64-year old female presenting with severe chest pain and diaphoresis. Describe the ECG
Describe and interpret this ECG
ECG ANSWER and INTERPRETATION
- There is concordant ST depression in V2-5. This violates the expected pattern of discordance for a V-paced rhythm and is a marker of superimposed myocardial infarction.
- The morphology in V2-5 is reminiscent of posterior STEMI, with horizontal ST depression and prominent upright T waves.
- Multiple non-conducted P waves are seen, indicating the presence of underlying high-grade AV block (probably the indication for pacemaker insertion).

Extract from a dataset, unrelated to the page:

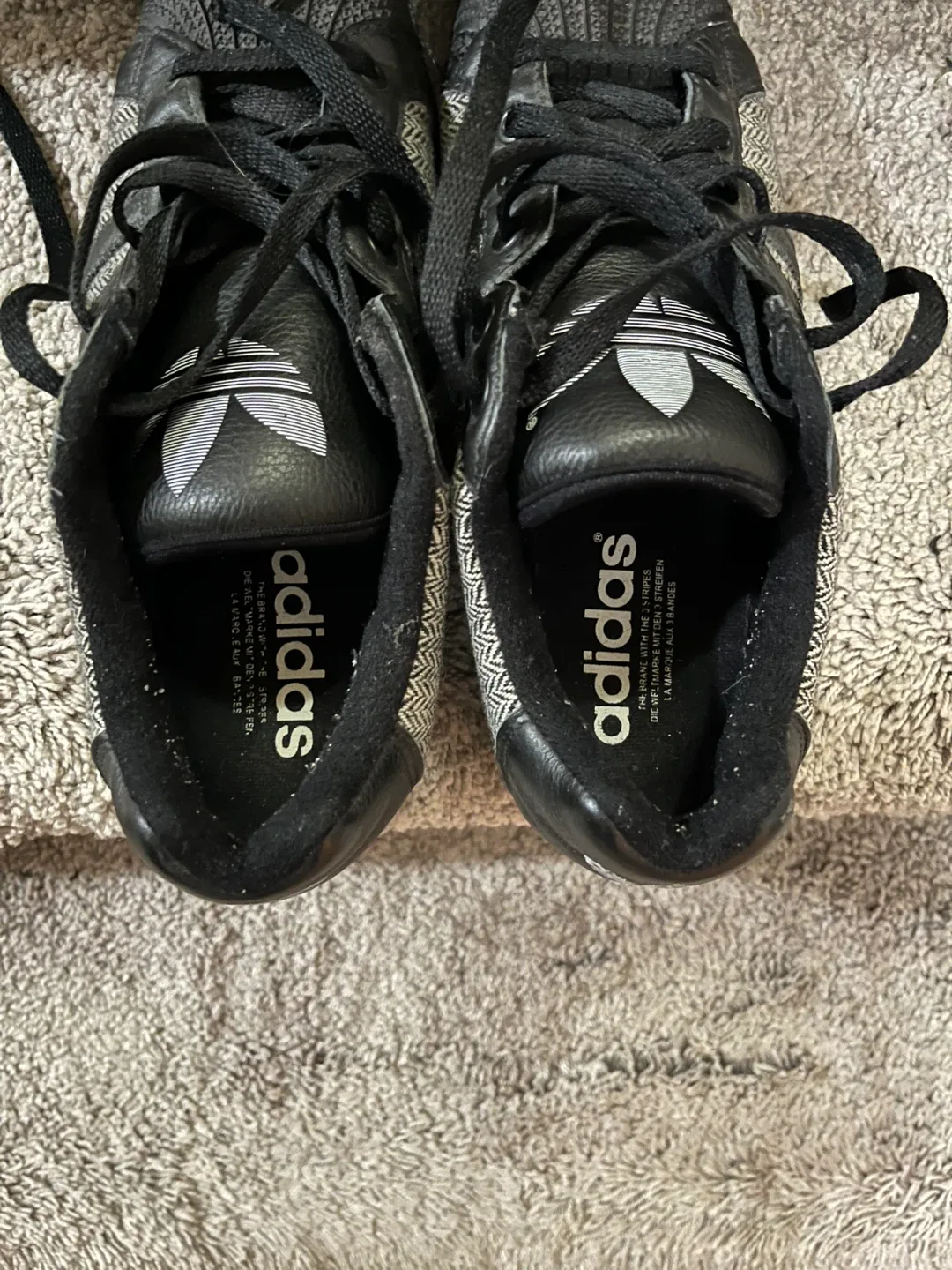 Adidas Superstar Black Sneakers image indicator(3)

However, the fusion complex (beat #5 on rhythm strip) suggests that P waves are occasionally transmitted, arguing against complete heart block.
This patient did indeed have an isolated posterior infarction, due to complete occlusion of a posterolateral branch of the RCA. She was successfully treated with PCI.
Normal Pattern in LBBB / VPR
The expected finding in patients with uncomplicated LBBB / V-paced rhythm is discordance — i.e. the ST segments and T waves point in the opposite direction to the QRS complex.
How To Spot Superimposed MI
Superimposed myocardial infarction is suspected if there is either:
- Loss of the usual pattern of discordance — i.e. concordant ST changes.
- Excessive discordant ST elevation — i.e. out of proportion to what would be expected for LBBB / paced rhythm.
Diagnosis of MI in LBBB / VPR requires at least one of the following criteria to be present:
- Concordant ST depression > 1 mm in V1-3.
- Concordant ST elevation > 1 mm in any lead.
- Excessively discordant ST elevation in any lead >5 mm (original Sgarbossa criteria) or >25% of the corresponding S-wave depth (modified Sgarbossa criteria = more specific).
Changes only have to be present in a single lead to be diagnostic of MI.